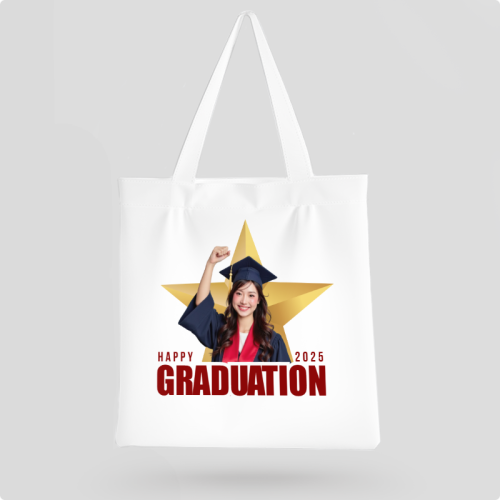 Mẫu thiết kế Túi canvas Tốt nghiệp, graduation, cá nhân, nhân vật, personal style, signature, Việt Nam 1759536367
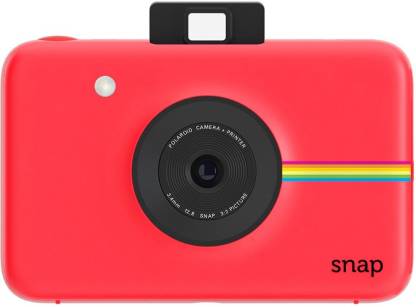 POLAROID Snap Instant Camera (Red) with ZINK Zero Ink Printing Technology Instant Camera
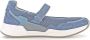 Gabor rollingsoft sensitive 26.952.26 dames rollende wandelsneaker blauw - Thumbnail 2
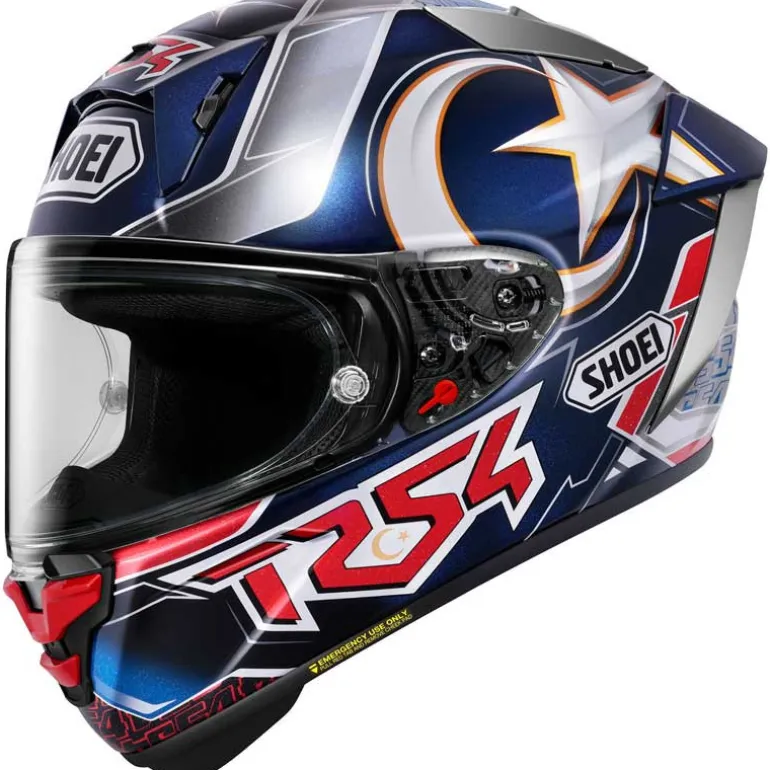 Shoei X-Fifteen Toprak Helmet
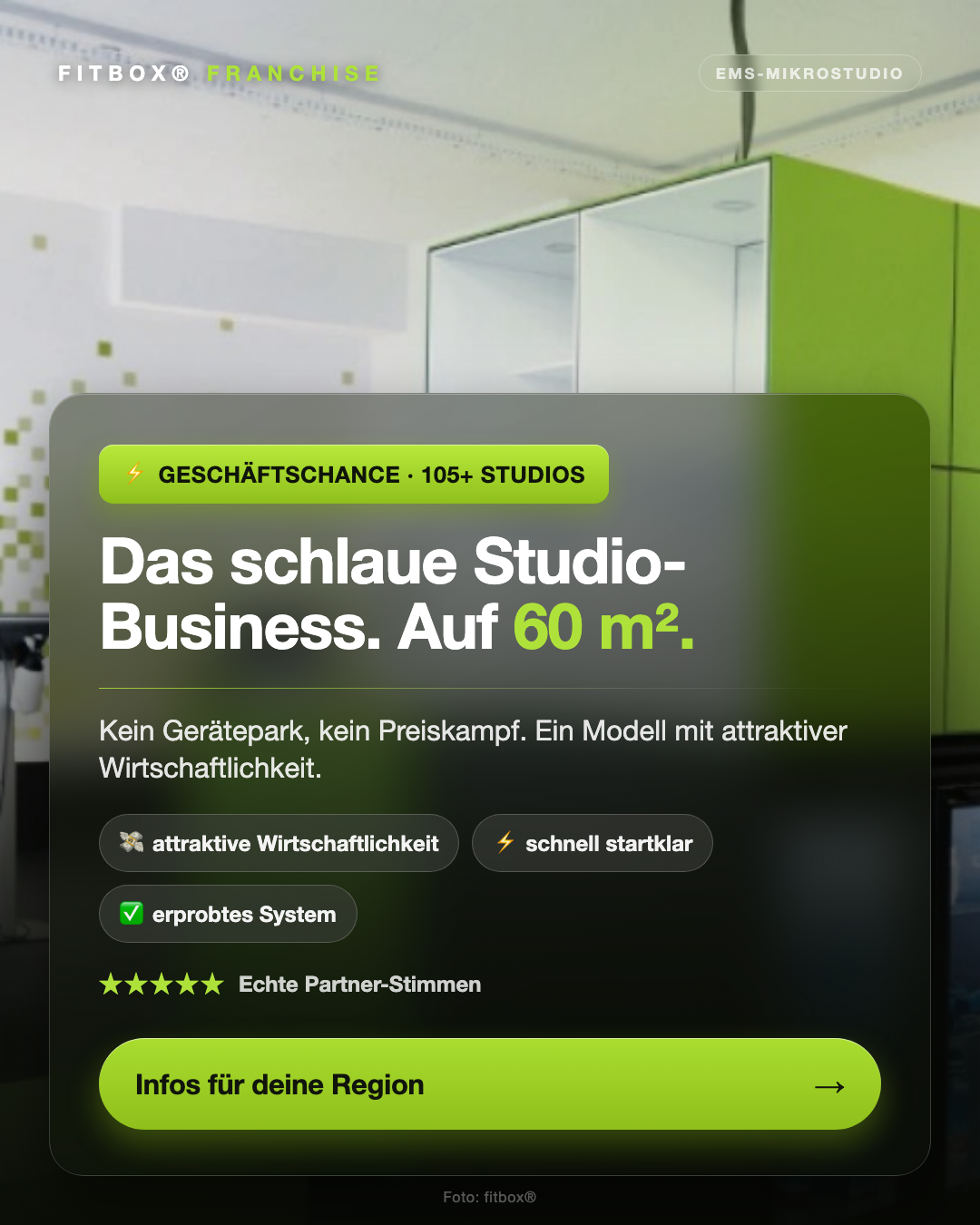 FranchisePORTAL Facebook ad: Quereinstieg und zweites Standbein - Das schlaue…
--
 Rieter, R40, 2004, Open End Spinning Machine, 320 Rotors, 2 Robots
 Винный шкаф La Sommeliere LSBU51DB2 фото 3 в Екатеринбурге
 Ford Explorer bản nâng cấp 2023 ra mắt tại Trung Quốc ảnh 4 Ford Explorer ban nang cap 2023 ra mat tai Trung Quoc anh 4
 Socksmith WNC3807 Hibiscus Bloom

» Goal of the exercise
Quote word for word only the lines above from the one containing "POLAROID Snap Instant" through the one containing "FranchisePORTAL Facebook ad: Quereinstieg". Pictures stay out of your copy.

» Result of this exercise
 POLAROID Snap Instant Camera (Red) with ZINK Zero Ink Printing Technology Instant Camera
 Gabor rollingsoft sensitive 26.952.26 dames rollende wandelsneaker blauw - Thumbnail 2
 Shoei X-Fifteen Toprak Helmet
 FranchisePORTAL Facebook ad: Quereinstieg und zweites Standbein - Das schlaue…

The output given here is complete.